Rhys: Given that I’m keen to continue my studies after my undergrad, the placement has offered an interesting insight in to real-world academic research and some of the processes and procedures involved. I’m interested perhaps in following up some historical themes in my postgrad studies, so the placement has given me some sense of how that might be done.
Sam: I have found the placement really interesting, both from a historical perspective, but also from a geographical one, as the letters reveal many dealings, some dark, which give an idea of how imperialistic mindsets have shaped both the way we view the past, but also the way in which their practices have led to the world we live in today. For example, how the events around the time of these letters have led to the complex chain in the flow of commodities in the sugar industry that we see today. In practice this has led to sugar becoming a well-travelled and complex globalised commodity that has become embedded in our everyday lifestyle. I find it fascinating to think that this all began with people like William Macintosh.
After a busy week of archival and library research I have made good headway in understanding and reconstructing Macintosh’s lost library.
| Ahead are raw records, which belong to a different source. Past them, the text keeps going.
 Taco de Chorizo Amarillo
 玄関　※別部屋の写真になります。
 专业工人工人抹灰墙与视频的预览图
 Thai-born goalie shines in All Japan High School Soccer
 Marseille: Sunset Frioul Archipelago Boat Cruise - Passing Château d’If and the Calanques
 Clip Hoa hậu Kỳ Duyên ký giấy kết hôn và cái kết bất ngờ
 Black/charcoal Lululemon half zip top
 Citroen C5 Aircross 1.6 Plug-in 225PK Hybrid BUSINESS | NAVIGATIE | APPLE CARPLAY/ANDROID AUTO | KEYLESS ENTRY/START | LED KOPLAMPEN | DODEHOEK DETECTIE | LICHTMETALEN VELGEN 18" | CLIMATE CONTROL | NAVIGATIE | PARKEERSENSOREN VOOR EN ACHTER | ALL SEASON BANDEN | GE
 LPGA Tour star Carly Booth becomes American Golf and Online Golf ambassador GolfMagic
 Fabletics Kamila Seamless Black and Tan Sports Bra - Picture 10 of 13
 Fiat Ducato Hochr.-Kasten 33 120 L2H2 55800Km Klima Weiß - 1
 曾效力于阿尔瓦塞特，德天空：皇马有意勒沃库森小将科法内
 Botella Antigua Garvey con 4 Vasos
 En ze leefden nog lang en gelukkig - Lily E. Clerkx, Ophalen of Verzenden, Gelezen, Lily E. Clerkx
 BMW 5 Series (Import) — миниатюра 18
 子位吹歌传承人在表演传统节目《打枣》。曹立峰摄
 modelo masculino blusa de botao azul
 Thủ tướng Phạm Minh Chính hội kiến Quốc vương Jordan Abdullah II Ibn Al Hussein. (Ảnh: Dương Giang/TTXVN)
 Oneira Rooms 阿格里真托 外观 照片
Of its c. 70 titles, I have physically inspected around a third (often spanning multiple volumes) and have transcribed about three quarters of the inventory of seized books. The staff at the bibliothèque municipale have been very supportive and encouraging and are keen to explore the possibilities of incorporating my findings into their catalogue or otherwise making Macintosh’s library more visible and accessible.
Perhaps the most surprising discovery this week was the letterbook of Macintosh’s outgoing correspondence that is now housed in the bibliothèque municipale. On this occasion I haven’t had the opportunity to do more than skim (and photograph) the letterbook; it’s large (490 pages) and contains somewhere in the region of 300 letters. The task of reading and distilling those will have to wait for another time.
In some respects, much of the content of Macintosh’s library is unsurprising; there are a range of books relating to India and America, several addressing the trial of Warren Hastings, and a number exploring the topic of revolution. Perhaps more surprising is the almost total absence of travel texts; Vonley’s Voyage en Syrie et en Égypte (1787) being the only example of that genre. Rather more abundant are dictionaries and grammars relating to the Italian language (one of which books Macintosh acquired in Rome in 1790). Quite what he was doing in Rome, and why he appeared to be learning Italian (something that I should be doing at the moment), are, as yet, mysteries.
So, this week has been a real step forward. There is, of course, a huge amount still to do (I’m hoping to come back for a week in October), but I am beginning to feel that I have at least seen where the limits of the primary material lie.